WHAT NEEDS TO BE DONE -
Using the records that appear below, write out exactly the lines from the one with "Fendi Zucchino Patent" through the one with "kapacitou 6400 mAh.", keeping both end lines.

Short web captions

________________________

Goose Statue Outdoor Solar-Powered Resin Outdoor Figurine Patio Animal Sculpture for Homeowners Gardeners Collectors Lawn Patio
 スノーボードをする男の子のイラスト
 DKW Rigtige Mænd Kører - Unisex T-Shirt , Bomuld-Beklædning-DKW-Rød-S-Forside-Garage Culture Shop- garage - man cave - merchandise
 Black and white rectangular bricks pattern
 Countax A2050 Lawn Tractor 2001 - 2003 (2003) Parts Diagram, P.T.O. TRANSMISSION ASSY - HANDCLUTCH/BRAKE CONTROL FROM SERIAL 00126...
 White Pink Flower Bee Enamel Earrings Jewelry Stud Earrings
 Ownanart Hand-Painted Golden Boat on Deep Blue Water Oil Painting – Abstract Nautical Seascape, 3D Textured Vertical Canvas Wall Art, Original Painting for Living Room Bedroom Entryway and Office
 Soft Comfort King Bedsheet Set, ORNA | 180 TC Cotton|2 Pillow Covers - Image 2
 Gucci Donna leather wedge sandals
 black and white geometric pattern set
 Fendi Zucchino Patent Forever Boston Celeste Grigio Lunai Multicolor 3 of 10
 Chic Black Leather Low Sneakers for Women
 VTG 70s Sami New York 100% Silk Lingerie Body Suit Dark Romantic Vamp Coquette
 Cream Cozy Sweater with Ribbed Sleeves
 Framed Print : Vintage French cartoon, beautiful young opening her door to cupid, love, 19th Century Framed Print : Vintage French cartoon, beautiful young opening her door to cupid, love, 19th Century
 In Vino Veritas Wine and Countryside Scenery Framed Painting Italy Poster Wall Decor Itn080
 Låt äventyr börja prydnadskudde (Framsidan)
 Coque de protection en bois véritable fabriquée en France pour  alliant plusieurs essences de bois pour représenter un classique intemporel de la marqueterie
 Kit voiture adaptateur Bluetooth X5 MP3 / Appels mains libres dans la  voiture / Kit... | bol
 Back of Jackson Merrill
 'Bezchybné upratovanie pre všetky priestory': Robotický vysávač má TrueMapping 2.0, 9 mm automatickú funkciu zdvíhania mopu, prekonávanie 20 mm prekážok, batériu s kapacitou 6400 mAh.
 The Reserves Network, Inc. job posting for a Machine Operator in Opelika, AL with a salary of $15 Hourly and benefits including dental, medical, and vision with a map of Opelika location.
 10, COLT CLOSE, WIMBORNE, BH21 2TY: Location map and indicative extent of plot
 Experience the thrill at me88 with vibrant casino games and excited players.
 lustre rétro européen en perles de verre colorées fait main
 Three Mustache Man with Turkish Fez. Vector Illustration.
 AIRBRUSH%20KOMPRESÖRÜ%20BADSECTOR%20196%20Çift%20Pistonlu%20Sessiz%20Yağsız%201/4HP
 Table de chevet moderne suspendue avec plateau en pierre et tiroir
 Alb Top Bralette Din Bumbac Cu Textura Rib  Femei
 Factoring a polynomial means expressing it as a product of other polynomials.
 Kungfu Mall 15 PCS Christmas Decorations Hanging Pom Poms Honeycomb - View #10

________________________

PROBLEM SOLUTION -
 Fendi Zucchino Patent Forever Boston Celeste Grigio Lunai Multicolor 3 of 10
 Chic Black Leather Low Sneakers for Women
 VTG 70s Sami New York 100% Silk Lingerie Body Suit Dark Romantic Vamp Coquette
 Cream Cozy Sweater with Ribbed Sleeves
 Framed Print : Vintage French cartoon, beautiful young opening her door to cupid, love, 19th Century Framed Print : Vintage French cartoon, beautiful young opening her door to cupid, love, 19th Century
 In Vino Veritas Wine and Countryside Scenery Framed Painting Italy Poster Wall Decor Itn080
 Låt äventyr börja prydnadskudde (Framsidan)
 Coque de protection en bois véritable fabriquée en France pour  alliant plusieurs essences de bois pour représenter un classique intemporel de la marqueterie
 Kit voiture adaptateur Bluetooth X5 MP3 / Appels mains libres dans la  voiture / Kit... | bol
 Back of Jackson Merrill
 'Bezchybné upratovanie pre všetky priestory': Robotický vysávač má TrueMapping 2.0, 9 mm automatickú funkciu zdvíhania mopu, prekonávanie 20 mm prekážok, batériu s kapacitou 6400 mAh.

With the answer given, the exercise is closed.